Data to process
■ ■ ■ ■ ■

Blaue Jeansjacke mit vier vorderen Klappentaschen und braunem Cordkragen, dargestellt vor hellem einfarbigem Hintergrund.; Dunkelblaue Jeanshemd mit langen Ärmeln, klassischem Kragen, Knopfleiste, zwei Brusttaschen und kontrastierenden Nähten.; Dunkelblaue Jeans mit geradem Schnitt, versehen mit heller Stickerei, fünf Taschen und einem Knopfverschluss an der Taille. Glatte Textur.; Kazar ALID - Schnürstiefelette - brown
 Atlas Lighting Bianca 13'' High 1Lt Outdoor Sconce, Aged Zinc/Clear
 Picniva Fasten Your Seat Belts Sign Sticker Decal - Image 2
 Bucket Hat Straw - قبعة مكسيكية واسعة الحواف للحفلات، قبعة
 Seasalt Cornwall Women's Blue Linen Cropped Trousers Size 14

■ ■ ■ ■ ■

Requirement
Having read the records above, print them out again exactly.

Exercise output
Blaue Jeansjacke mit vier vorderen Klappentaschen und braunem Cordkragen, dargestellt vor hellem einfarbigem Hintergrund.; Dunkelblaue Jeanshemd mit langen Ärmeln, klassischem Kragen, Knopfleiste, zwei Brusttaschen und kontrastierenden Nähten.; Dunkelblaue Jeans mit geradem Schnitt, versehen mit heller Stickerei, fünf Taschen und einem Knopfverschluss an der Taille. Glatte Textur.; Kazar ALID - Schnürstiefelette - brown
 Atlas Lighting Bianca 13'' High 1Lt Outdoor Sconce, Aged Zinc/Clear
 Picniva Fasten Your Seat Belts Sign Sticker Decal - Image 2
 Bucket Hat Straw - قبعة مكسيكية واسعة الحواف للحفلات، قبعة
 Seasalt Cornwall Women's Blue Linen Cropped Trousers Size 14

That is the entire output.